Nas redes sociais, Greenwald usou as redes sociais para atacar a decisão de Moro. “Impensável em qualquer democracia: o ministro da Justiça, Sérgio Moro, está comandando a investigação sobre o nosso jornalismo, embora sua corrupção seja o que expusemos. Ele está ameaçando revisar uma lei de segurança nacional da era da ditadura para me prender por reportar”, disse no Twitter o jornalista.

A portaria 666 do Ministério da Justiça alterou as regras para deportação sumária de “pessoas perigosas” no País. Pela medida, ficam sujeitos a deportação sumária estrangeiros suspeitos de terrorismo, ligados a grupo criminoso organizado ou organização criminosa armada, e ao tráfico de drogas, pessoas ou armas de fogo. A regra também é aplicável a envolvidos em pornografia infantil e a torcedores violentos como hooligans.

O texto estabelece o prazo de 48 horas para que o suspeito apresente a sua defesa ou deixe o País antes de ser deportado sumariamente. A medida altera os prazos estabelecidos pela atual legislação que dá 60 dias para o imigrante regularizar a sua situação.

“Não precisará mais aguardar 60 dias para regularizar o que não pode ser regularizado. Nem faz sentido exigir sentença condenatória, transitada em julgado ou não, para barrar a entrada de estrangeiro, por exemplo, suspeito de terrorismo no exterior”, disse o ministro.

“Nenhum país do mundo, tendo conhecimento, permite que estrangeiro suspeito de crime de terrorismo ou membro de crime organizado armado entre em seu território. Ele é barrado na entrada e deportado. A regulação nova permite que isso seja feito de imediato”, completa.

Juristas afirmam que o ministro legislou, desrespeitando a atual Lei de Imigração

Para a professora de Direito Internacional da UPS, Maristela Basso, Moro altera ilegalmente a legislação sobre imigração e deportação vigente. “Estamos vendo uma medida do Ministério da Justiça para regular uma situação concreta do vazamento das mensagens. E uma lei ou uma portaria não podem ser feitas caso a caso. Me parece que a portaria estaria para resolver problemas do órgão ou de membros dos órgãos que estão envolvidos num possível vazamento de mensagem”, afirmou a Maristela Basso.

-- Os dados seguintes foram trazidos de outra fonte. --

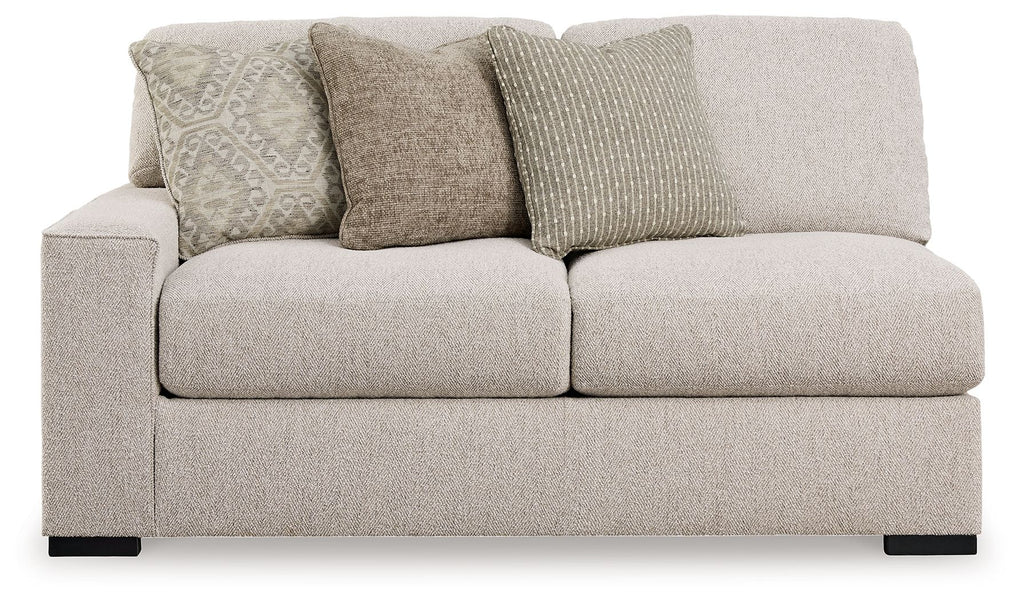 Sand-tone upholstered loveseat with two seat cushions and striped and textured throw pillows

“A portaria é arbitrária e ilegal, pois expande de modo injustificável as hipóteses de entrelaçam a Lei de Imigração no artigo 45. Na prática, a portaria alterar a lei criando um conceito aberto e trazendo insegurança jurídica pois deixa subjetivos os critérios de avaliação como informação de inteligência, que, por essência, é secreta e dificilmente poderá ser contestada”, afirmou o especialista em Direito Internacional, Saulo Stefanone Ale.

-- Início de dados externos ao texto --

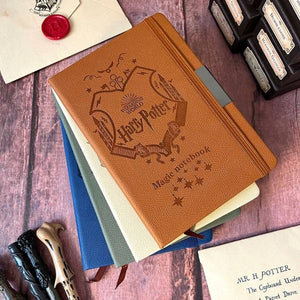 Stack of Harry Potter-themed notebooks on a wooden surface with wands and letters.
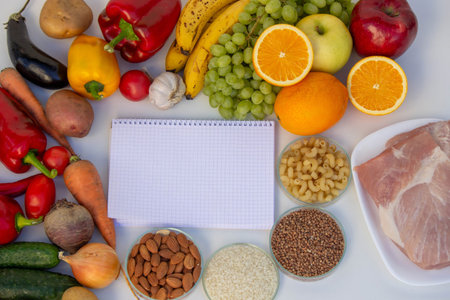 Healthy Meal Planning: Notebook for Recipes Surrounded by Fresh Produce.の写真素材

Procurado, o Ministério da Justiça, através do diretor do Departamento de Migrações, André Furquim, afirmou que o texto tem como objetivo disciplinar a "deportação excepcional". “Isso que foi feito. O texto está sendo discutido desde 2017. É um ano e meio de trabalho. Ela não é uma portaria isolada, faz parte de um contexto”.

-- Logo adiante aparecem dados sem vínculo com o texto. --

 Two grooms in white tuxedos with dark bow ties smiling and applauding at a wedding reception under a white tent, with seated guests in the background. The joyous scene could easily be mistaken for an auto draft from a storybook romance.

Segundo Furquim, há pessoas perigosas que usam o Brasil como braço para suas operações criminosas e isso precisa ser coibido. “Essa ação estava prevista, é rotina dentro do Ministério. Precisamos de instrumentos que deem agilidade para o Estado de retirar pessoas perigosas que nem deveriam ter entrado no Brasil”, disse o diretor em nota do ministério da Justiça.

A portaria, segundo a pasta, não permite a expulsão de estrangeiros por motivo diverso do enquadramento em condutas criminais específicas, nem permite a deportação em casos nos quais há vedação legal, como de estrangeiro casado com brasileiro ou com filhos brasileiros.